The Metropolitan Transportation Authority gave the first hint this week of what could go in the enormous dirt pit on Broadway between Fulton and John Sts.
From the pit, the glass-domed Fulton Street Transit Center was supposed to rise — that is, until the M.T.A. announced last month that it nixed the plans for the costly aboveground portion of the station. The worst case, the M.T.A. said then, was that the site would see nothing more than a plaza.
But this week, for the first time, the M.T.A. promised to erect a building above the transit hub.
“It’ll be something more than a plaza, but less than the oculus,” M.T.A. spokesperson Aaron Donovan said, referring to the dome. Donovan also said the building would contain retail, though he did not know what type or how much.

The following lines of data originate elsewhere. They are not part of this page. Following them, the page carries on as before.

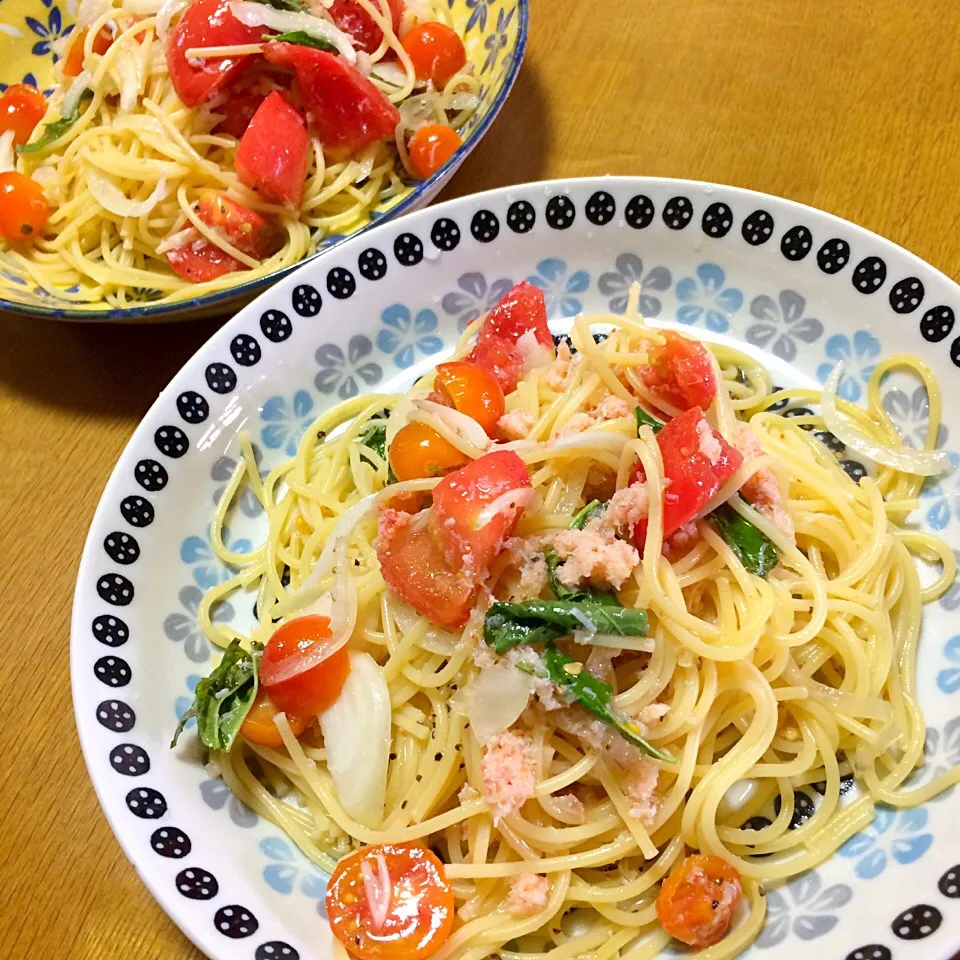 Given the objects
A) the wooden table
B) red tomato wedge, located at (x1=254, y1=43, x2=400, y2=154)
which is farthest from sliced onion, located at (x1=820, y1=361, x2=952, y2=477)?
red tomato wedge, located at (x1=254, y1=43, x2=400, y2=154)

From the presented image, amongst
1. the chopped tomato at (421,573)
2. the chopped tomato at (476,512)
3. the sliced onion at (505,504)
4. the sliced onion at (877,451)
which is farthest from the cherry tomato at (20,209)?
the sliced onion at (877,451)

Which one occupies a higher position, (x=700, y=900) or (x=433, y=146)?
(x=433, y=146)

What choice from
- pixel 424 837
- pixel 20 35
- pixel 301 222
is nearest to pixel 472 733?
pixel 424 837

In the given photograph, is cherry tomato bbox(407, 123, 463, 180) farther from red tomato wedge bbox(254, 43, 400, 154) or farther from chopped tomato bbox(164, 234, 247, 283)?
chopped tomato bbox(164, 234, 247, 283)

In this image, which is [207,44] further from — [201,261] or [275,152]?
[201,261]

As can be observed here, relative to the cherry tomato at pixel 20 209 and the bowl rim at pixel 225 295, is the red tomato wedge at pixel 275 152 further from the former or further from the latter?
the cherry tomato at pixel 20 209

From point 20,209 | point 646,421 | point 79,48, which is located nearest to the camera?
point 646,421

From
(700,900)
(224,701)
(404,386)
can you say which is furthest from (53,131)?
(700,900) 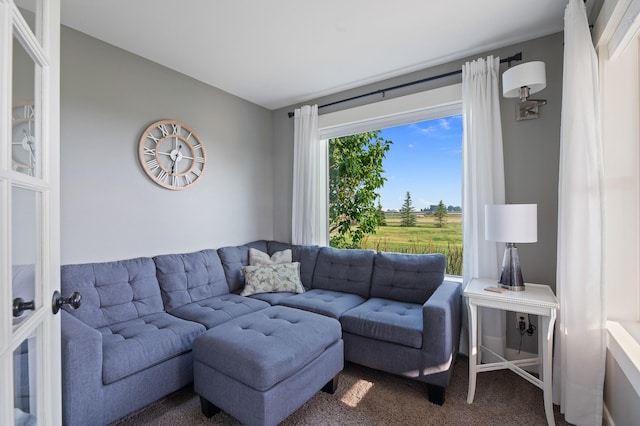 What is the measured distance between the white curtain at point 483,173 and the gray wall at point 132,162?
2.37 meters

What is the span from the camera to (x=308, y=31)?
2.28 metres

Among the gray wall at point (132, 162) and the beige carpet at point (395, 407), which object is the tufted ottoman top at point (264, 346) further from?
the gray wall at point (132, 162)

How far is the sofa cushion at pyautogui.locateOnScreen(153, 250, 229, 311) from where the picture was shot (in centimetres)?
254

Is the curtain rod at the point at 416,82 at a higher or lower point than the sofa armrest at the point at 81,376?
higher

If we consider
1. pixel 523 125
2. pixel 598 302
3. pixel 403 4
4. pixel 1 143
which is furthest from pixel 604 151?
pixel 1 143

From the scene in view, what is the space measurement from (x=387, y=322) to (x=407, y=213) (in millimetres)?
1375

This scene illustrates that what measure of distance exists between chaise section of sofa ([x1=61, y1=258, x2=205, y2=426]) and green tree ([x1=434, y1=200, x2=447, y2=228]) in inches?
89.9

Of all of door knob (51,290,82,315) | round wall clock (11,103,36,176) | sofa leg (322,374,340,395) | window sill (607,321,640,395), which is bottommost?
sofa leg (322,374,340,395)

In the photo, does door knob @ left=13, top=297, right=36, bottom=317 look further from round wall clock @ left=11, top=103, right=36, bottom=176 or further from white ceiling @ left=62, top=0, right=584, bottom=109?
white ceiling @ left=62, top=0, right=584, bottom=109

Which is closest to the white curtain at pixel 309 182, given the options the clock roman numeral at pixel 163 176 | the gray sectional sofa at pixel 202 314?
the gray sectional sofa at pixel 202 314

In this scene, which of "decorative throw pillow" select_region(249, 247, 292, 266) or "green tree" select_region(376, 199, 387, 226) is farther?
"green tree" select_region(376, 199, 387, 226)

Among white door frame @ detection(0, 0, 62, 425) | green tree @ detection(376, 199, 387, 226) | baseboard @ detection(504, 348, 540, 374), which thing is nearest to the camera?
white door frame @ detection(0, 0, 62, 425)

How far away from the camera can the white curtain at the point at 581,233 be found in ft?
5.70

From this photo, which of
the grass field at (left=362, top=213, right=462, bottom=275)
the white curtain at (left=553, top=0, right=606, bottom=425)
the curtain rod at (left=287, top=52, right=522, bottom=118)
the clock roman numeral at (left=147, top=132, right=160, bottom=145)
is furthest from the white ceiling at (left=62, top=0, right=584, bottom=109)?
the grass field at (left=362, top=213, right=462, bottom=275) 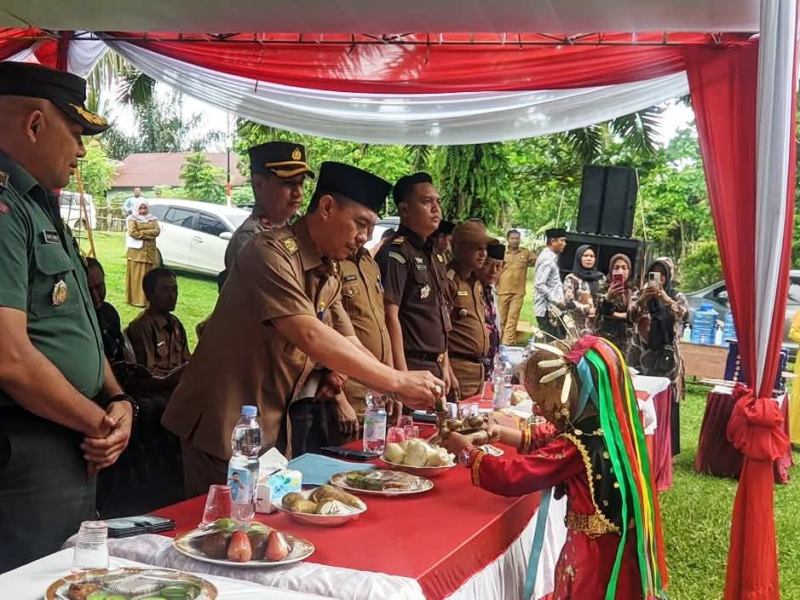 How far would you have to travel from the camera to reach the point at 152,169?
591 inches

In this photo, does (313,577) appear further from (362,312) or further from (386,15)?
(386,15)

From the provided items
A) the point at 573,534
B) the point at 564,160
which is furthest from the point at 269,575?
the point at 564,160

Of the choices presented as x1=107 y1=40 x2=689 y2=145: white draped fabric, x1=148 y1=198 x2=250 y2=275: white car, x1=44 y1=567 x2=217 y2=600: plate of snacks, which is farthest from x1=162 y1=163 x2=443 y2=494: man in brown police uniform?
x1=148 y1=198 x2=250 y2=275: white car

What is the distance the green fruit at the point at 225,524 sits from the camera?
194cm

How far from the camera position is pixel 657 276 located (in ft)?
27.0

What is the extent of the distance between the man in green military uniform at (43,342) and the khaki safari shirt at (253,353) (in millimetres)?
463

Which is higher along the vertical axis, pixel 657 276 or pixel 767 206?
pixel 767 206

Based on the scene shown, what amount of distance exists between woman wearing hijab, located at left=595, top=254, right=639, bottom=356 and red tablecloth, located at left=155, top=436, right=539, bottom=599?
576 cm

The announcement did not soothe Downtown politicians and community leaders, who have lobbied hard for the oculus and aren’t about to give up.
“We have to hold their feet to a fire and make sure what was promised is delivered,” Assembly Speaker Sheldon Silver told Downtown Express this week. “We want to get something that’s practical but also something that’s consistent with what was promised to the community.”
The M.T.A.’s capital plan, released last week, suggests allocating an additional $295 million for the Fulton St. hub, bringing the total for the project to $1.198 billion, more than $400 million over the original estimate for the center before it was scaled back. So far, the M.T.A. has awarded Fulton contracts worth close to $1 billion, Donovan said.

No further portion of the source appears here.